While an easy way to tell the difference between two types of bacteria is by their size (gram-positive bacteria are smaller), this is not always an accurate method as there are many other factors that contribute to size such as nutritional state.

For example, large grampositive cocci could actually be Listeria monocytogenes while small gram-positive cocci could actually be Staphylococcus aureus.

In order to make an accurate diagnosis, multiple tests are performed in order to pinpoint the exact organism present.

However, sometimes even these techniques fail to identify the correct microbe because one organism may have more than one test.

It is also possible for certain bacteria to change into another type when conditions change, so it is important for clinicians to know if a patient has been exposed to any recent changes in environment such as a new person or animal coming into contact with them.

Tips and tricks:

Gram staining is a microbiological technique for differentiating bacteria.
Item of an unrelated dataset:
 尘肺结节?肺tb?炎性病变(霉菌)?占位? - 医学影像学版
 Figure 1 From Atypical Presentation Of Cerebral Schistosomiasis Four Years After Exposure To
It works by using the chemical properties of crystal violet and iodine on the outer surface of bacterial cells.

The crystal violet stains only gram-positive bacteria purple, but not gram-negative bacteria. This allows for more accurate identification of bacteria.

When performed correctly, it can help identify antibiotic resistant strains of bacteria.

The reason that gram-negative bacteria are unharmed by the stain may be due to their cell wall structure. A major structural difference between gram-positive and gram-negative bacteria is in their lipid membrane layer.

In general, gram-negative bacteria have two layers: an inner phospholipid bilayer membrane and an outer lipopolysaccharide (LPS) coating.

These serve as a barrier to outside interference from other chemicals or pathogens.

In contrast, gram-positive bacteria have one single lipid bilayer membrane without any LPS covering because they produce peptidoglycan instead of LPS.

As a result, when exposed to iodine vapor during the process of preparing slides with sections of tissue containing both gram-positive and gram-negative bacteria, only the former are stained dark blue; whereas the latter remain unstained.